++++ Data extract

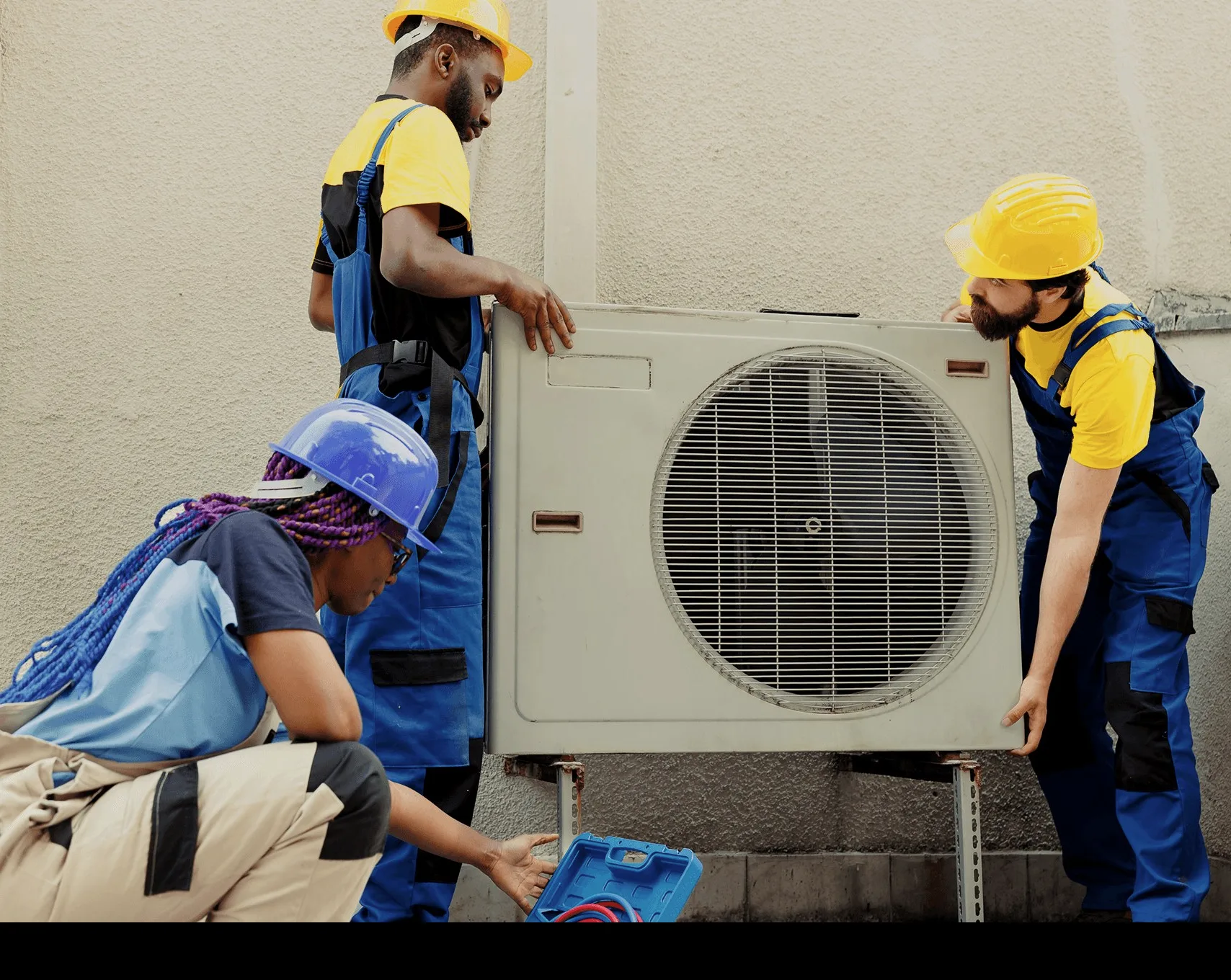 Two technicians setting an outdoor unit on its bracket.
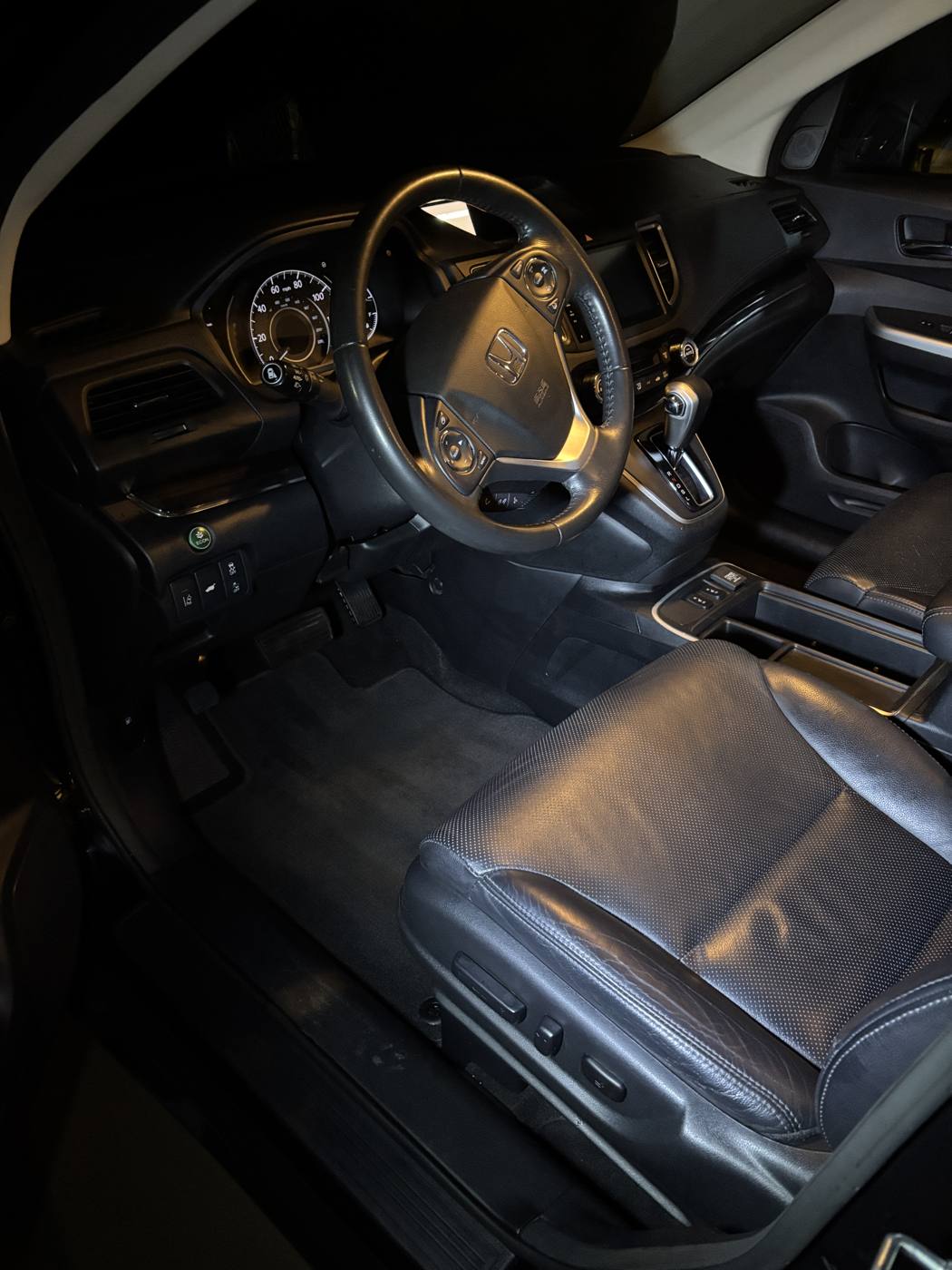 Driver seat and floor cleaned after detailing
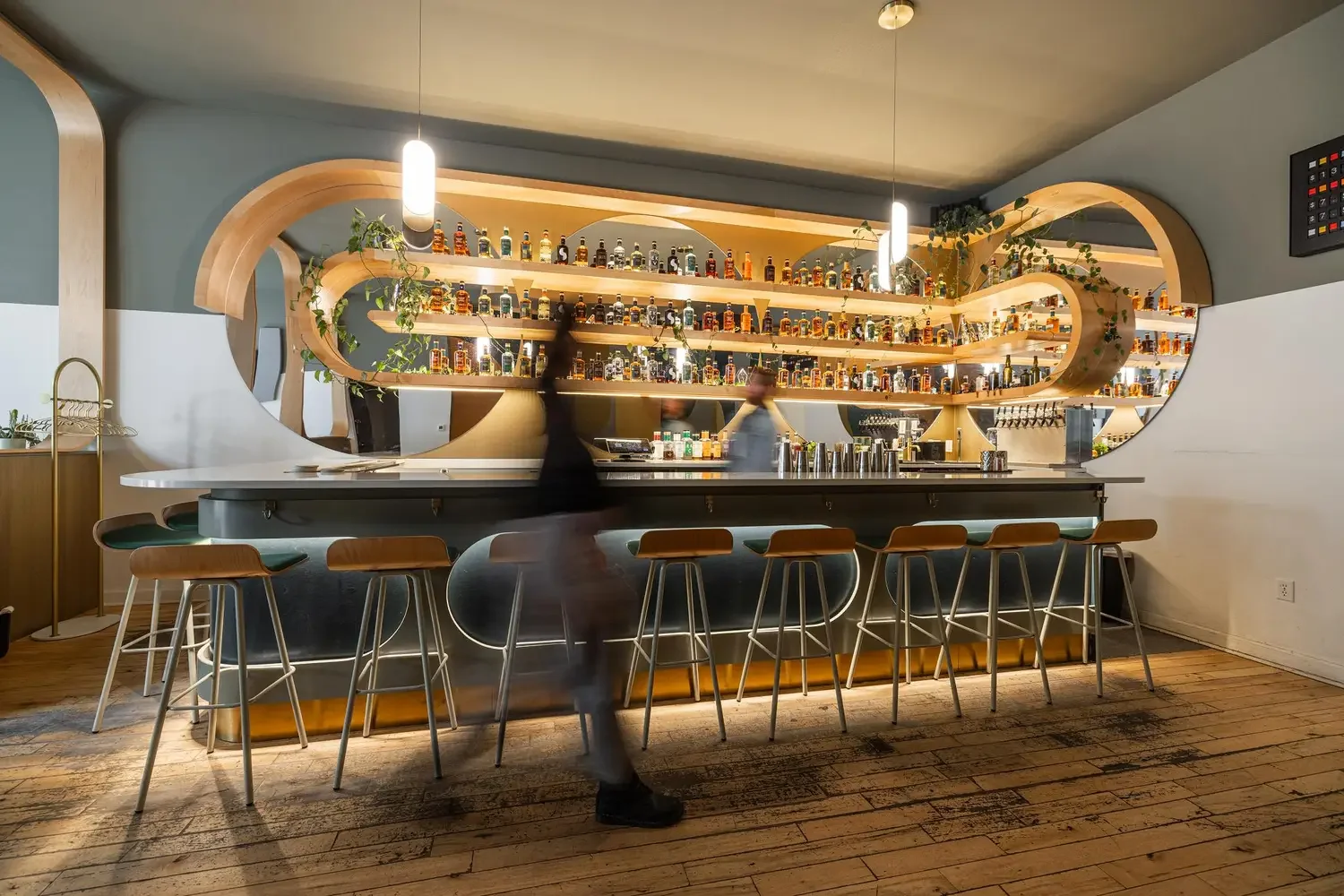 Modern bar with curved wood shelving filled with liquor bottles, a black counter, and bar stools with wood seats, in a well-lit interior.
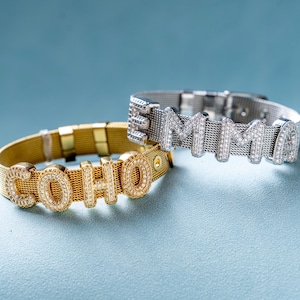 Könnte beinhalten: Zwei Armbänder aus Mesh, eines goldfarben und eines silberfarben, jeweils mit einem Namen, der in funkelnden, mit Edelsteinen besetzten Buchstaben geschrieben ist. Das goldene Armband schreibt "SOHO", das silberne Armband "EMMA".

++++++++

Directions
The line containing "Modern bar with" and every line after it, through the end of the data, are to be output exactly. Omit the pictures.

Solution to the exercise
 Modern bar with curved wood shelving filled with liquor bottles, a black counter, and bar stools with wood seats, in a well-lit interior.
 Könnte beinhalten: Zwei Armbänder aus Mesh, eines goldfarben und eines silberfarben, jeweils mit einem Namen, der in funkelnden, mit Edelsteinen besetzten Buchstaben geschrieben ist. Das goldene Armband schreibt "SOHO", das silberne Armband "EMMA".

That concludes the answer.